Auch mit der klaffenden Lücke namens nationale Sicherheit dürfen wir uns nicht zufriedengeben. Die KI-Verordnung greift schlichtweg nicht, wenn es um die nationale Sicherheit geht. Wann das genau der Fall ist, bestimmen jedoch die Mitgliedstaaten selbst. Das kann vor allem in autokratisch regierten EU-Staaten Tür und Tor für missbräuchliche KI-Einsätze öffnen.
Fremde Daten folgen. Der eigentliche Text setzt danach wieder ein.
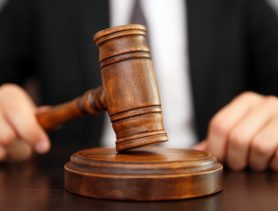 Оштрафовали общественную организацию в Пинске, где учили боевым единоборствам
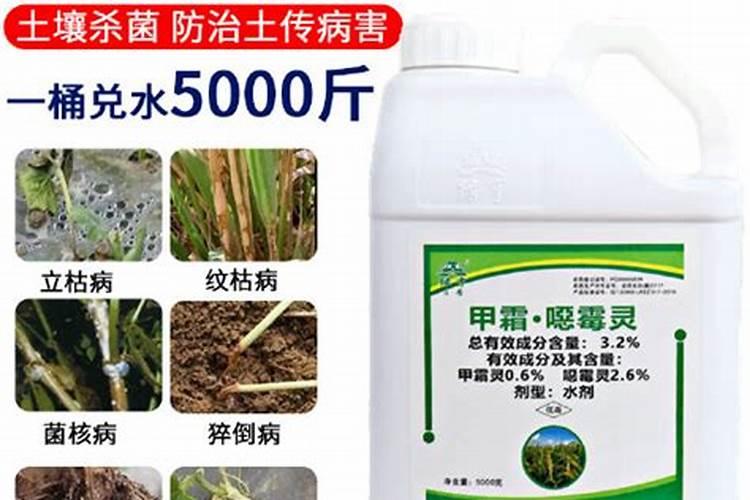 尿素可以与硫酸钾镁肥一块用吗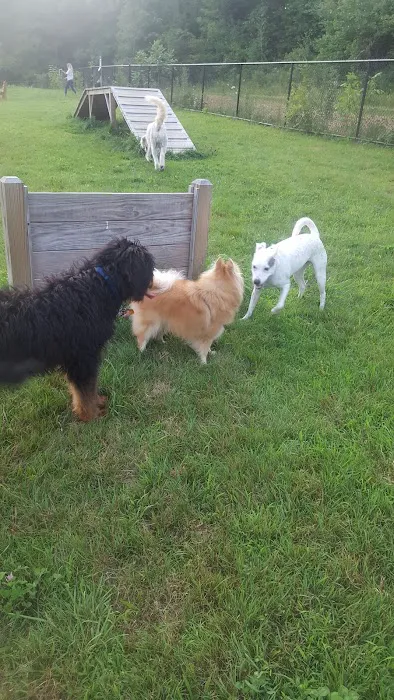 Butler Farm Dog Park 4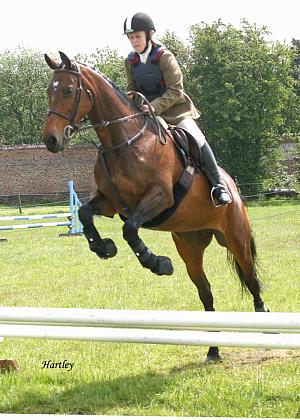 coverpic259.jpg - 35Kb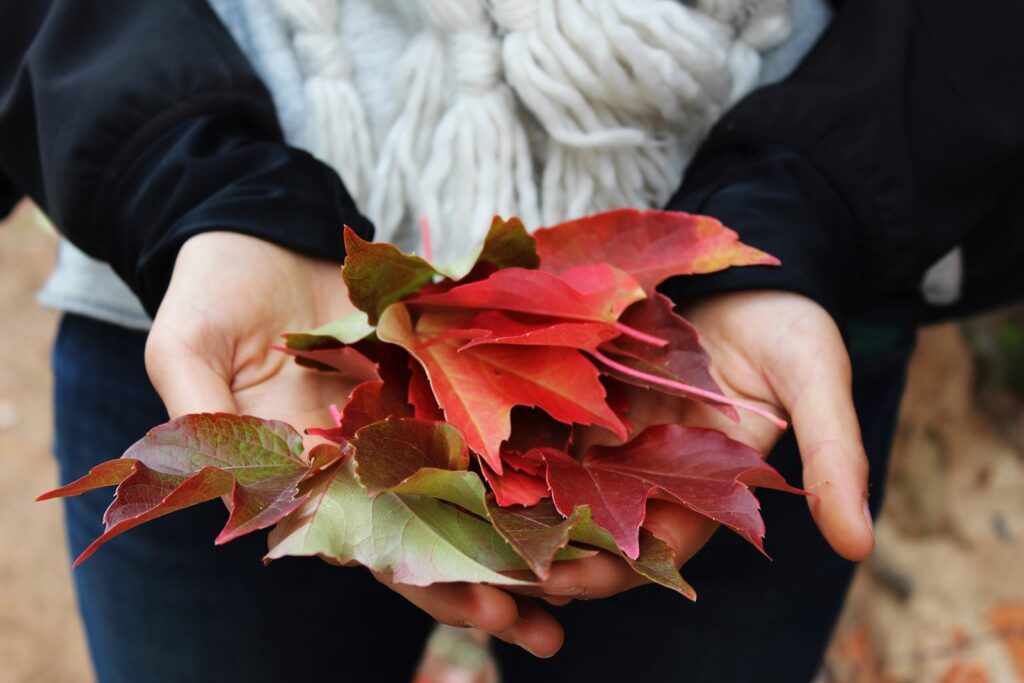 fun fall activities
Auch für Menschen auf der Flucht ist der Schutz durch die KI-Verordnung lächerlich gering. Hier zeigt sich schmerzlich der Unterschied zwischen Grund- und Bürgerrechten. Wer nicht EU-Bürger*in ist und Schutz suchend in der EU strandet, bekommt von der KI-Verordnung nur ein Minimalpaket an Rechten zugestanden.

Das heutige Inkrafttreten der KI-Verordnung darf also keinesfalls den Eindruck erwecken, das Thema KI sei damit abgehakt. Im Gegenteil: Gerade weil die KI-Verordnung erstmals europaweit festschreibt, wie KI-Systeme Menschen schaden können, muss das Engagement weitergehen. Die Argumentation ist simpel: Die EU hat sehr viele Gefahren durch KI-Systeme in der Verordnung erstmals verbindlich und präzise beschrieben. Und wer das konsequent weiterdenkt, muss den Schutz auch über die aktuellen Grenzen der Verordnung hinaus ausweiten.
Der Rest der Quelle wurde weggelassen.